Park & Shop Shopping Center, Connecticut Ave. NW, Washington, DC, via Library of Congress.

Yesterday I asked how I could integrate the consumption history I’m learning into my teaching, and I pointed to a couple examples where it’s already there. But I missed a glaringly obvious one: the Great War.

Consumption is a vital part of the story in Gerald Feldman’s classic Army, Industry, and Labor in Germany, 1914—1918 (1966), insofar as the purchasing power of labor was inextricably linked to Germany’s social and political stability and, therefore, the country’s ability to produce sufficient armaments to continue fighting. The point is more accessible in Roger Chickering, Imperial Germany and the Great War, 1914—1918 (1998 and 2004), which I have used in a course on the Great War and will use again next fall in one on modern Germany. There is also Belinda Davis, Home Fires Burning: Food, Politics, and Everyday Life in World War I Berlin (2000), which I will be using in a graduate course on war and society this summer.

I also usually bring up a much earlier aspect of consumption history when I address the Enlightenment and the public sphere: coffee houses. To make this point, there is a delightful reading from before the Enlightenment on the Internet Modern History Sourcebook: “The First English Coffee-Houses, c. 1670—1675.”
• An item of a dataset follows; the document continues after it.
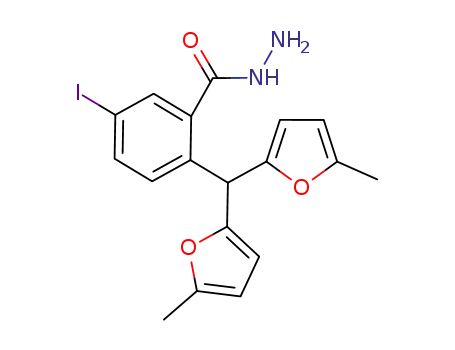Molecular Structure of 928758-99-0 (Benzoic acid, 2-[bis(5-methyl-2-furanyl)methyl]-5-iodo-, hydrazide)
Of course, none of this is informed by a specific historiography of consumption history, but it does point out how this topic is already in my teaching. But there’s a difference between including a topic and addressing it systematically. To think about war and society in Europe, I can at least draw on the periodizing nomenclature of cabinet war, people’s war, and total war to help describe the level of societal involvement in interstate conflicts over the past few centuries (Stig Förster et al.). If such language and periodization exists for understanding consumption history, I have not yet learned it.

Perhaps the main point is to recognize modern consumer societies as having a history in the first place, instead of taking them as a direct reflection of human nature and, hence, rendering them ahistorical, as too often happens in simplistic political rhetoric that opposes capitalism and communism—rhetoric that invariably finds its way into student spoken and written comments. I sometimes try to do this with economic thought in the early modern period, but historicizing capitalism should be a central historiographical problem for the modern era, too.